I was thinking on what to watch this weekend and this movie took my attention. Although I had watched this film maybe over five or six times, it was still attractive to me and I was not aware that this movie fits into my topic of postmodernism and the theme of hyperreality. Ok so what is so special about this move? The film examines the life of a man who is unaware that he is living on a T.V. show which broadcasts his life to millions of people around the world 24 hours 7 days a week.

As the film progresses Truman becomes suspicious and tries to find his own reality or in other words to discover the truth about his life. Being an example of postmodern movie, Truman Burbank (starred by Jim Carrey) is challenging his creator. He does not want to live in a world that is constructed by characterised actors but rather to travel, explore and to learn the truth. He is also unconscious that the town he is living (named Seahaven) in is also a massive set and almost everything in it is artificially constructed.

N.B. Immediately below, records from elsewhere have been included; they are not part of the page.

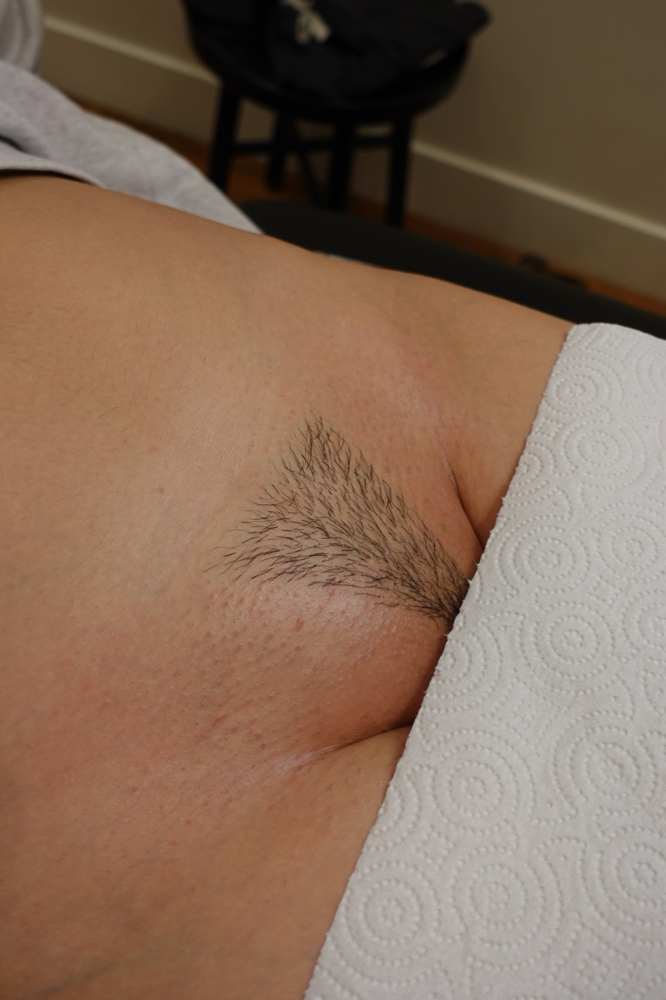Full Bikini Wax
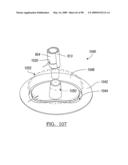 KNEE JOINT PROSTHESIS SYSTEM AND METHOD FOR IMPLANTATION diagram and image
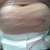 post op MOMMY MAKE over- day 1-3 before the first shower, the only attachment you are missing is my urine catheter- which was a great thing to have even though its not typical.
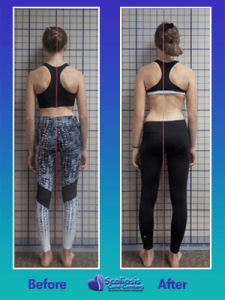 Scoliosis Treatment Results Posture Transformation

While watching this movie, I remembered Jeremy Bentham’s theory of Panopticon. Bentham was an English philosopher in the late 18th century of England and had designed a prison that is rounded and the tower in the middle of the prison. The cells and the tower was structured such a way that the inmates were not tell or able to see the watchman. However they were being watched all the time. The concept was “Being able to see without being seen”. Later this concept was studied in detail by French philosopher Michel Foucault and he published his thoughts on his book Discipline and Punish. Foucault argues that we are being watched constantly by CCTV cameras, or in modern terms by the social media, while using GPS tracked health monitors or GPS tracked maps. I would like to draw your attention to one specific example, in supermarkets the shelves and aisles constructed in a way that the cashier can see the shoppers. When you go to Dunnes Stores or Tesco next time, pay specific attention, or you might already have seen that while you are shopping you can almost see the cashier. Do you think that their job is only do the checkout? Next time when you are shopping, just have a look to the cashier, you will realise that their eyes will be watching the shoppers also. How many of us turns off the smartphones while sleeping? By unconsciously, our smartphones are transmitting data even when we are asleep. Like Truman, our lives are monitored and being watched 24 hours, 7 days a week.

In the movie continuous intervention works to transform Truman into a particular type of person, a ‘normal’ person, and his world was constructed by this way. The director of his life, Christof (starred by Ed Harris) controls Truman’s life by having detailed knowledge of Truman, He states: “any unpredictable behaviour must be reported”. By this way intervention was possible to prevent any unwanted behaviours, disciplining him to transform into a particular type of person.

The Truman Show is a great film to watch as an example of what hyperreality is. It is also a good example of a postmodern movie. It shows how the media has affected people’s ability to differentiate between what is real and what is a simulation.